In March 2010, Robert Gleason, chair of the Republican State Committee of Pennsylvania, described a Republican victory as "doable".

Burns announced his opposition to the Patient Protection and Affordable Care Act at a "Kill the Bill Rally" on March 19, describing the bill as "probably the worst piece of legislation in American history". He went on to tell the crowd that he had asked Critz to "simply state his position" on the bill, but had not yet seen a statement from Critz.
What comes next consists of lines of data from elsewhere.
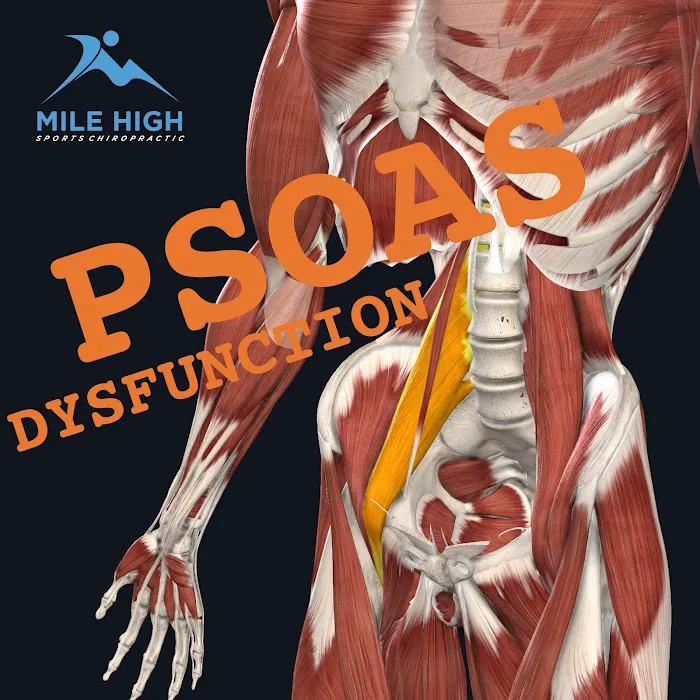 Mile High Sports Chiropractic Picture 5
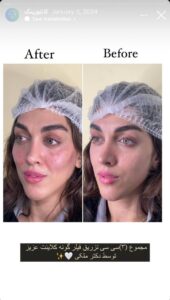 نمونه کار زاویه سازی صورت دکتر راضیه ملکی در ساری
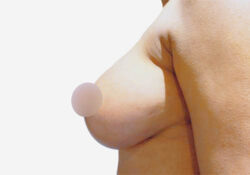 Breast Augmentation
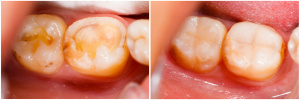Before and After Treatment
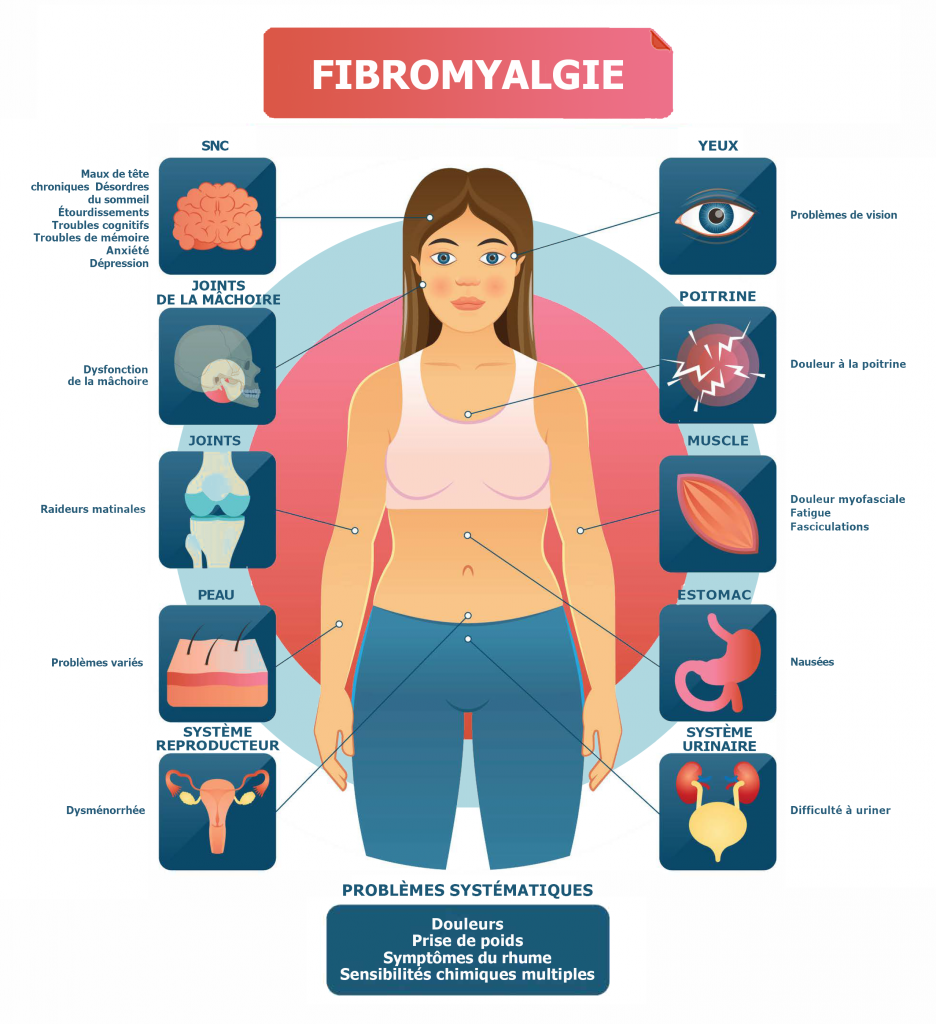 graphisme présentant les symptômes de la fibromyalgie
On March 30, Critz received the endorsement of the Pennsylvania AFL-CIO. The next day, Burns received the endorsement of Minnesota Governor Tim Pawlenty. Former Speaker of the House Newt Gingrich campaigned for Burns on April 22, while Vice President Joe Biden campaigned for Critz on April 23. On April 26, Burns received the endorsement of former Governor of Alaska and 2008 vice presidential candidate Sarah Palin; while on April 28, Critz received the endorsement of the United Steelworkers. On May 3, 2010, Burns announced that Republican U.S. Senator Scott Brown of Massachusetts would campaign with him in Washington, Pennsylvania on May 14. The same day, Critz announced that Democratic Governor Joe Manchin of West Virginia would join him at a campaign event. Musician Jon Bauman of doo-wop group Sha Na Na also campaigned for Critz in May.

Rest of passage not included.